February 10, 2019

Bend it like barmy

It’s strange.

I don’t remember much of that two-day event.
thirteen years ago… it’s little more than a blur.

But…
I do remember signing the disclaimer form.
I do remember looking at the two ashen faces either side of me, as we sat… and watched.
I do remember that my breathing was fast, and shallow.
And that my hands hurt, as I clenched them so hard.

I remember watching a young lady volunteering to be first in our group.
She went up.
And she did it. She only bloomin’ did it!

Then it was my turn.

I walked up to one of the coaches facilitating the event.
He had a clean, crisp, bright wooden board held up to his chest. Held tight.

I held the wooden arrow horizontally, so that it’s feathered end sat neatly in a groove in the board.
Then I held the pointed metal end to my throat: in that soft, vulnerable part, in the dip between your left and right collar bones.

He looked unflinchingly into my eyes.
“David.” he said. “Can you do this?”

I felt a scream rising from my gut.
But swallowed it fiercely down.

“Yes. I can do this.” I know my lips and throat moved. But I can’t recall hearing my voice.

“Will you do this?” he asked, calmly.

“Yes. I will do this.” I heard someone say.
They told me that it really was me.

Then I pushed firmly towards him.

I could feel the arrow pushing – inconceivably – into my throat.
And – even more conceivably – I continued my relentless push towards my partner-in-lunacy.

I know.
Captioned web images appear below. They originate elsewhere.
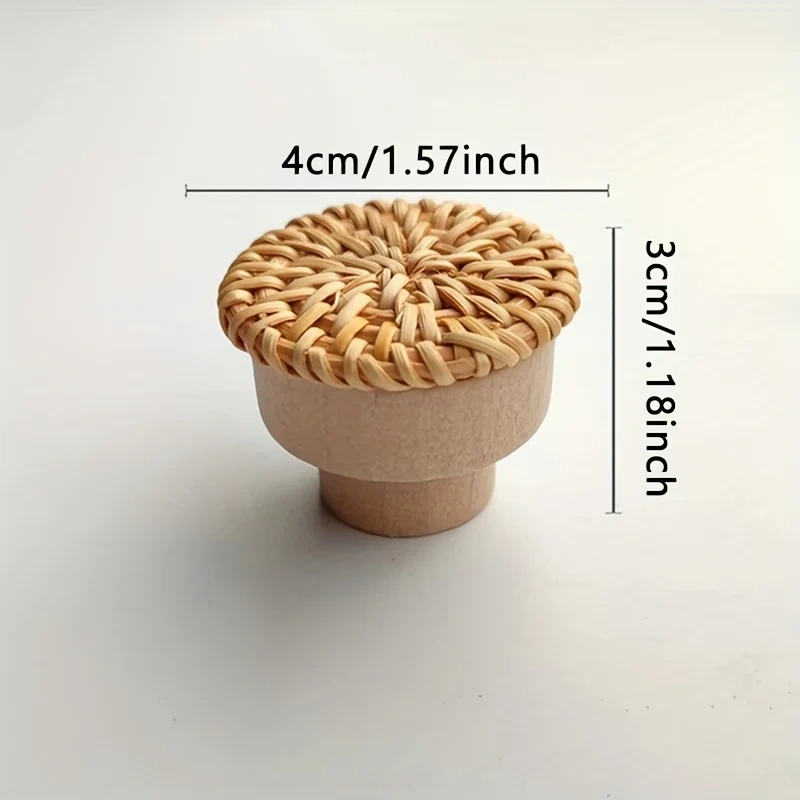 1pc Rattan Braided Round Handle Knob, Wooden Handle, For Kitchen Living Room Bedroom Closet Cabinet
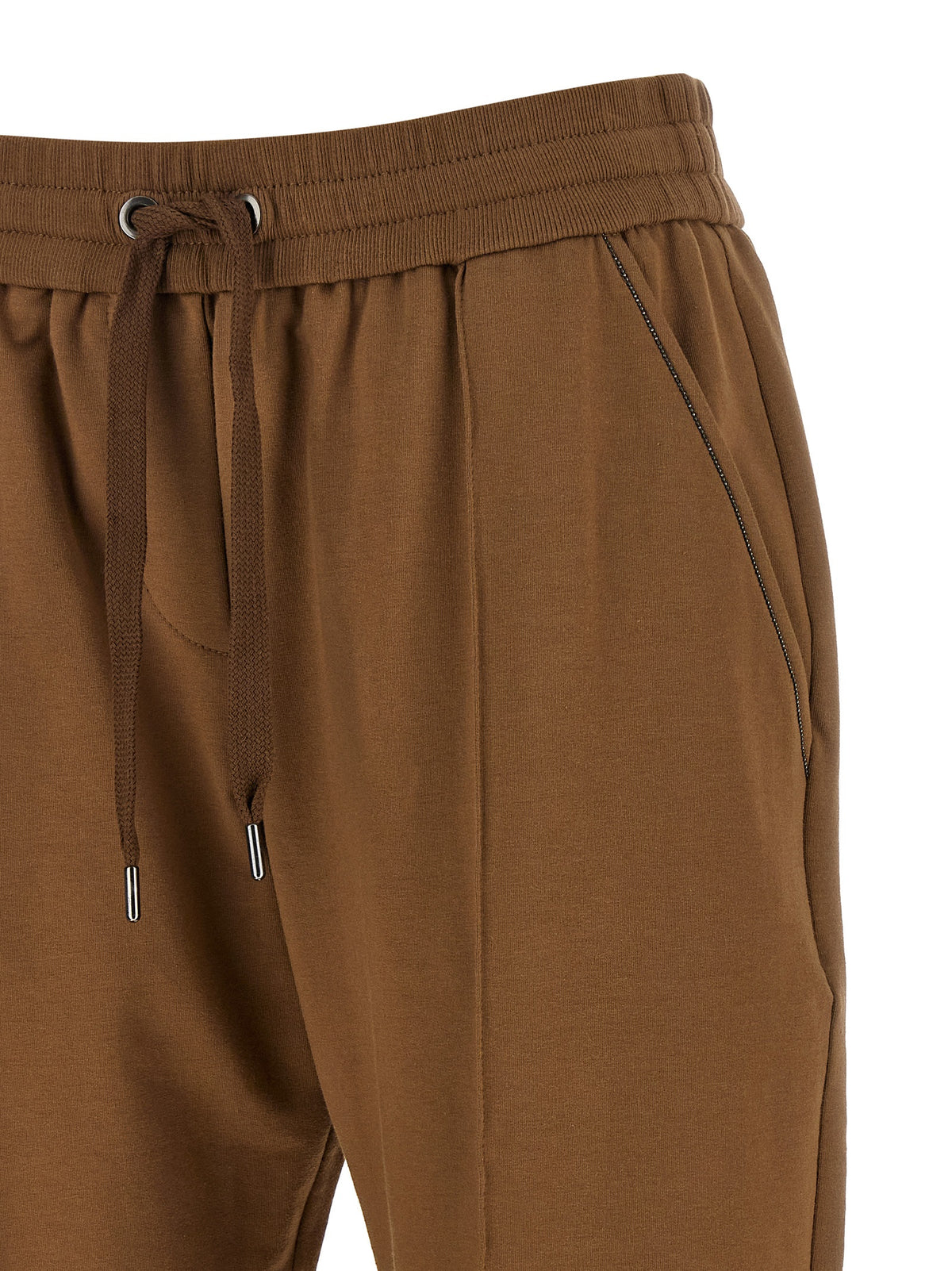 Brunello Cucinelli Joggers marron en coton (pantalon de sport)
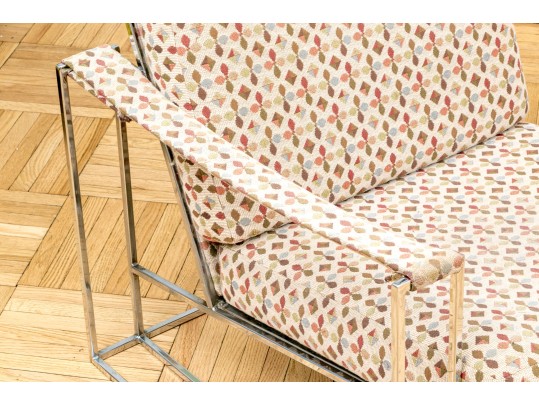 Pair Of Vintage Milo Baughman Chrome-Plated Steel Framed Lounge Chairs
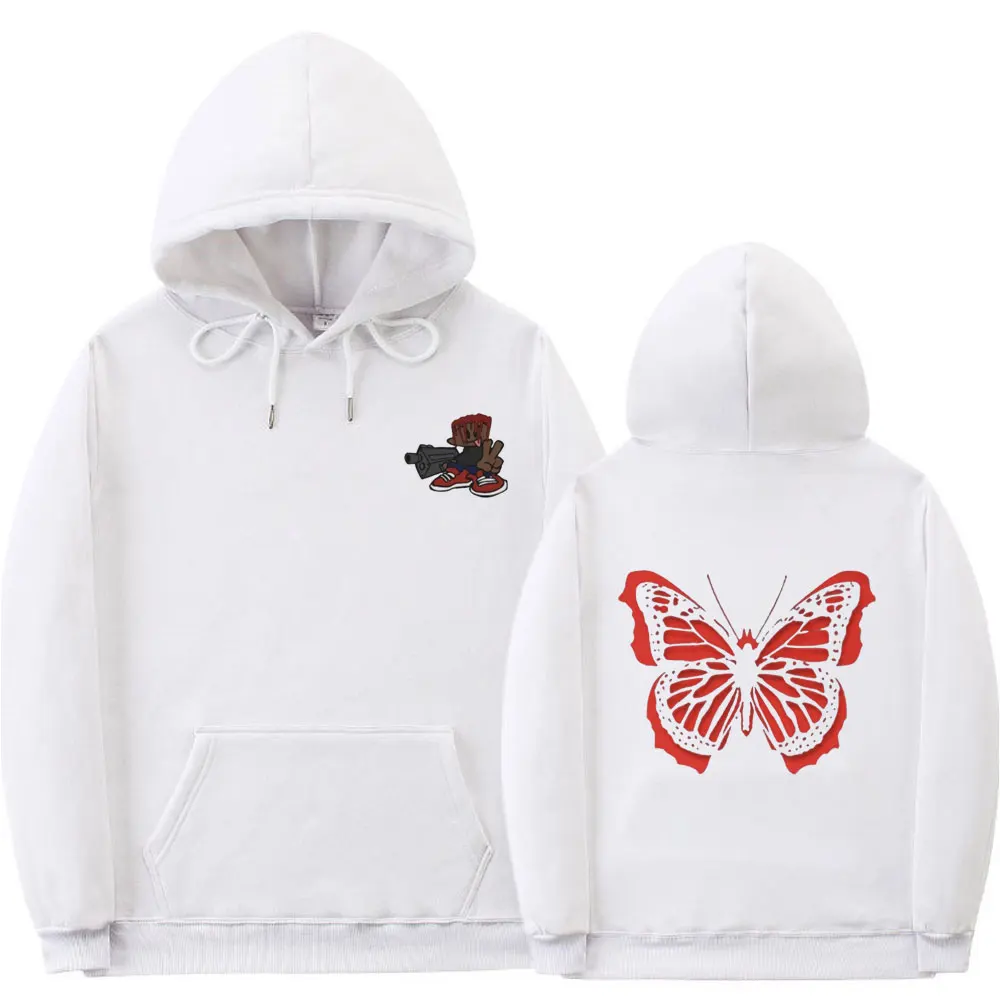 

Awesome Playboi Carti Hip Hop Double Sided Print Hoodie 2pac Rap Hoodies Harajuku Brand Design Red Butterfly Graphics Sweatshirt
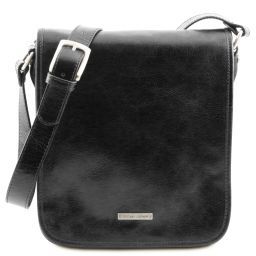TL Messenger Two Compartments Leather Shoulder bag Black TL141255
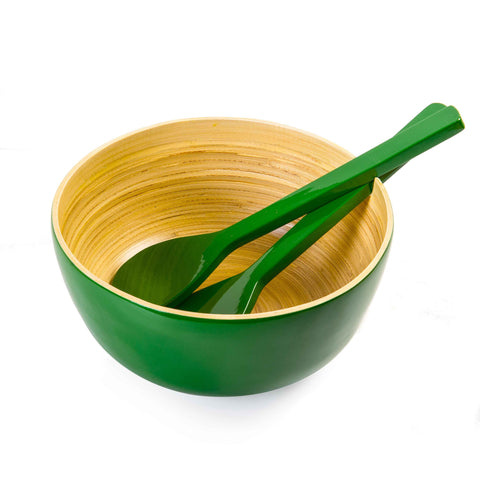 Green Bamboo Salad Bowl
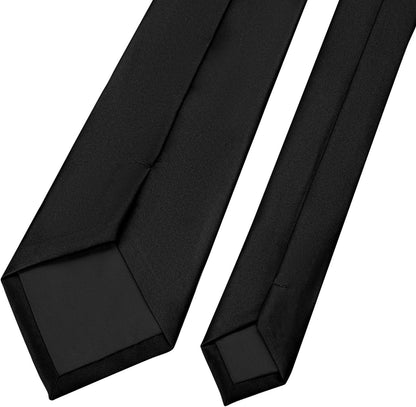 KOOELLE Herren Krawatten Einfarbige Reine Farbe Schlichte Krawatten Formelle Schwarze Krawatten für Herren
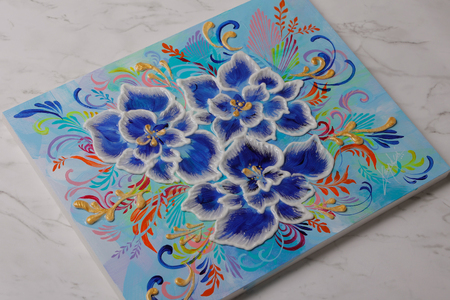 【京阪百貨店厳選】坂本 幸雪　シュガーアート（冬日可愛）　F6サイズ：410×318㎜_OS048-0043-1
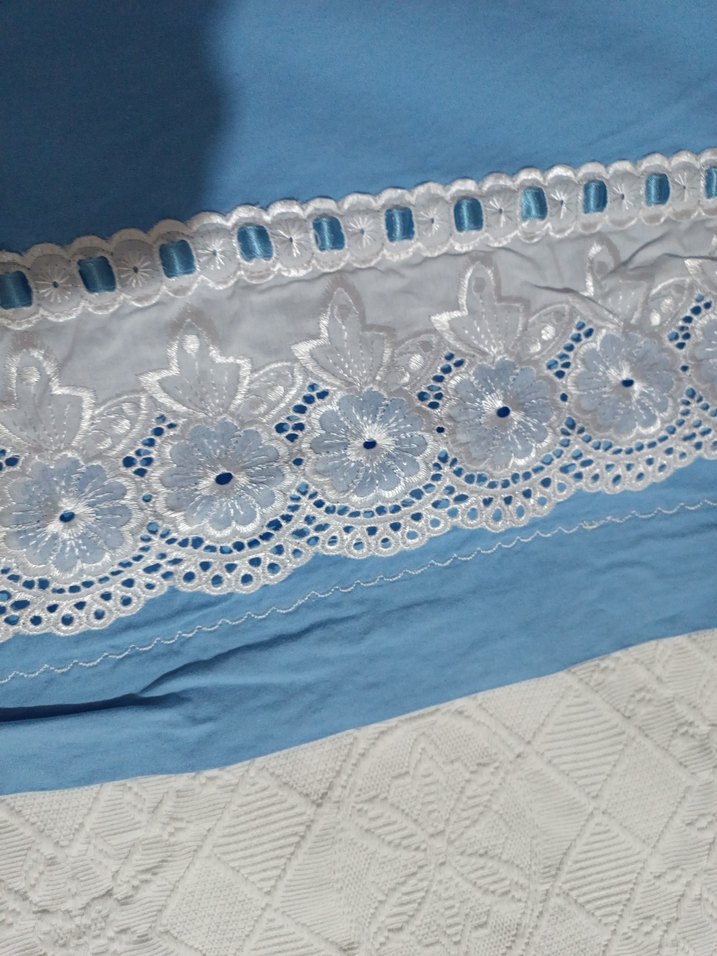 İşlemeli Mavi Kuğu Desenli pike,çarşaf ve 2 adet yastık seti - Görsel 5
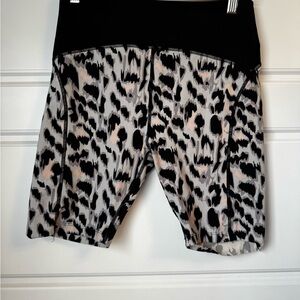 Varley Black and White Patterned Bike Shorts
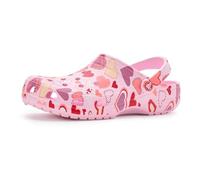 Crocs Zoccolo classico unisex da bambino, Latte Rosa/Cuori, 3 Little Kid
You’re struggling to believe what you’re reading right now.
But I’m sitting here… telling you…
The Arrow Bent.
And Then Snapped Clean In Two.

I have the two pieces in my attic.

And I still don’t believe it either.
I just don’t believe my insanity: agreeing to take part in that moment of sheer ridiculousness.

Nor did Wendy when I returned home.

But I’m here to tell you…

More often than not…
The barrier to our extraordinary thoughts and deeds…

Is our Fear.

More often than not…
We refuse to believe how magnificent we are.

And we run our businesses accordingly.
We live within that fearful circle.

What could our influence be… if only we would approach each week with “Fearless Possibilities” as the heading of our To-Do List?